作者は過去16年間イラン研究をしてきた人で、本書では今後の米国とイランとの関係についての提言をしていますが、Kakutaniさんは本書の重大な欠落点2点と、特筆すべき点について説明しています。欠落点は、対イラク戦がイランと周辺国の地域抗争についてどのような影響を与えたのかが書かれていないこと、またなぜ作者はかつて対イラク戦が必要であると考えたのに、イランについては封じ込めが効果的であると判断したのかということ。

特筆すべき点については、米ーイラン関係を歴史的側面から非常によく説明しているということ。Mohammed Mossadegh や Ayatollah Khomeiniなどの獰猛な外国嫌いのリーダーについての説明をしつつ、19世紀のイギリスとロシアのパワーゲームの駒となった経験から、イラン人たちの外国に対する不信感が育てられたことを強調し、また何世紀もの間虚弱で腐敗した政権により支配されたため、イラン人は体制に対する怒りと反抗心が植えつけられているとします。
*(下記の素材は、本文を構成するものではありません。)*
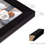 Black Wood Picture Frame - Set of 4-89854315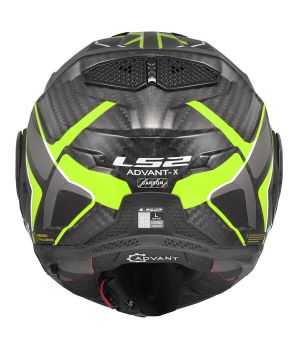 Ls2 - Casque Ff901 Advant X Carbon Future II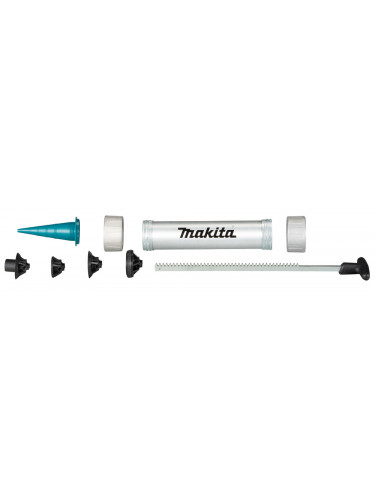 Support pour pistolet à calfeutrer (cartouche de 400 ml) Makita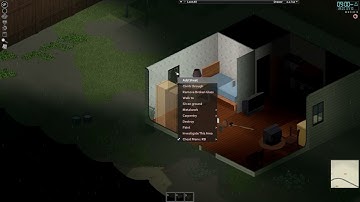 How to Cover Windows in Project Zomboid!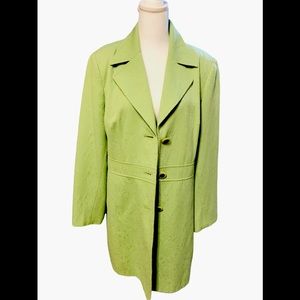 Sag Harbor Sz 10 Jacket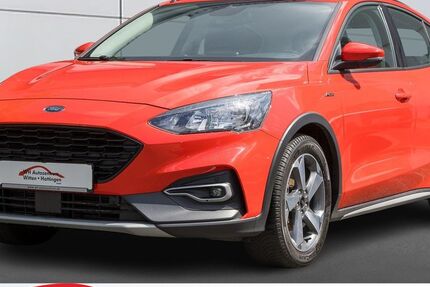 Ford Focus 48.822 km 14.590 &euro; Hattingen 45527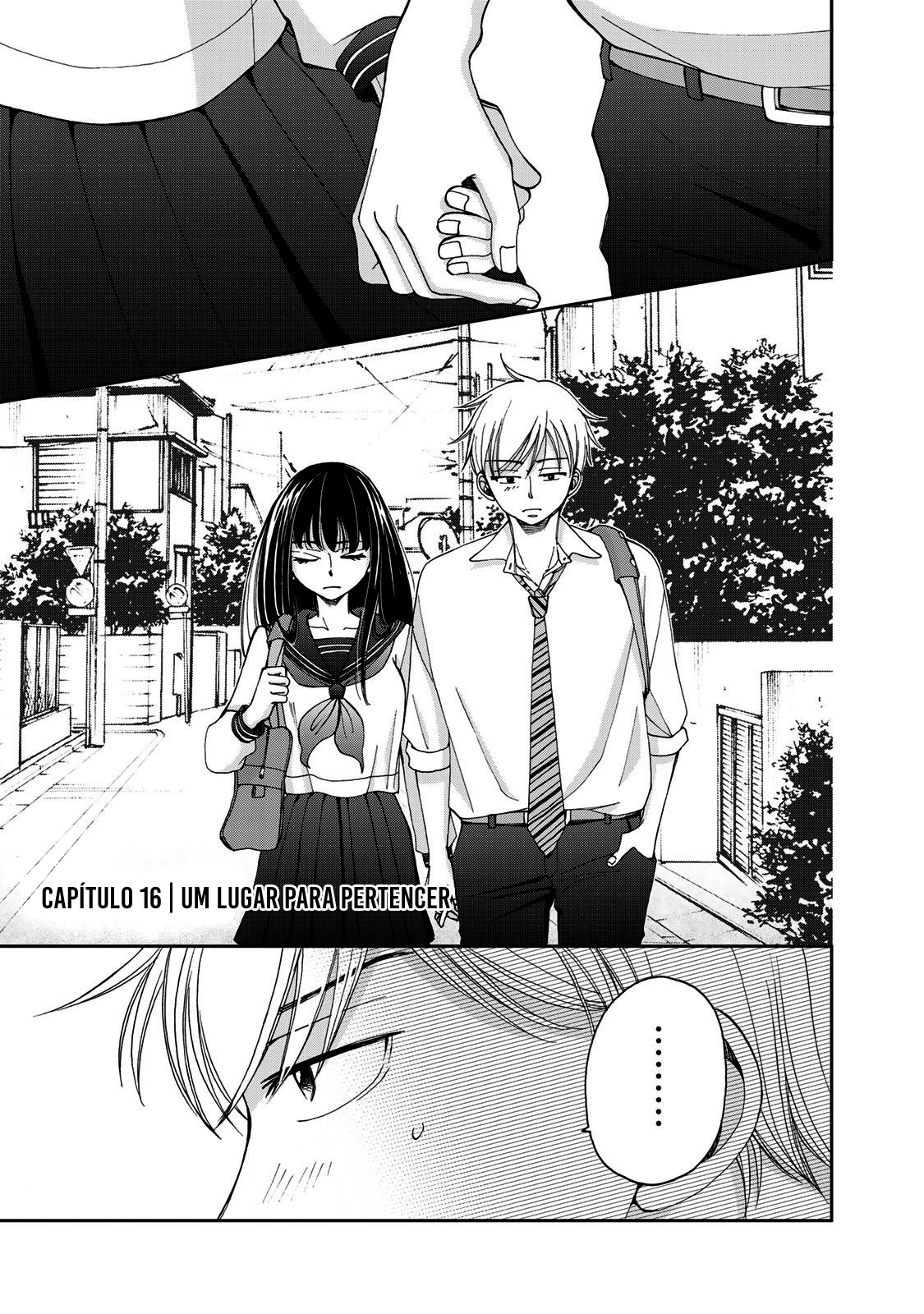 Naraku no Futari Capítulo 1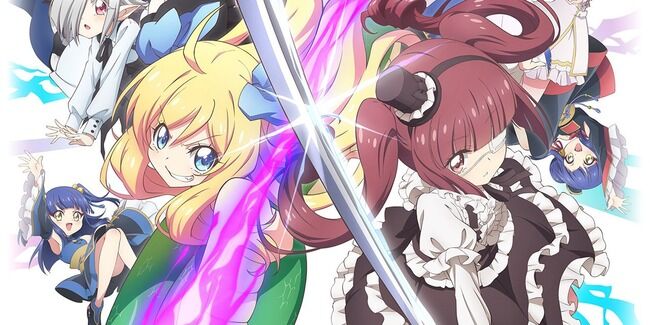 【！？】アニメ『邪神ちゃんドロップキック【世紀末編】』、全編無断アップロード可能となるｗｗｗｗｗ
その他、アメリカーイラン関係において決定的な事件とされる
the 1953 coup against Mohammad Mossadegh と、the 1979-1981 hostage crisisについての、作者の評価(この人は保守派なんですね)。そして両国が苦い歴史を乗り越えることができるかということについては、a kind of hinge moment in historyでありイランは現在either the country could make "a transition to real democracy" or Islamist autocracy could solidify; where the nation could acquire nuclear weapons or embrace the concept of collective security; where it could demonstrate a greater openness toward the outside world or make a more concerted effort to shut it out.
という分岐点にいると。そこでアメリカのリーダーにとってはイランとの関係をどのように処理するのかということがmay be the ultimate test.であると言います。

読み応えのありそうな本です。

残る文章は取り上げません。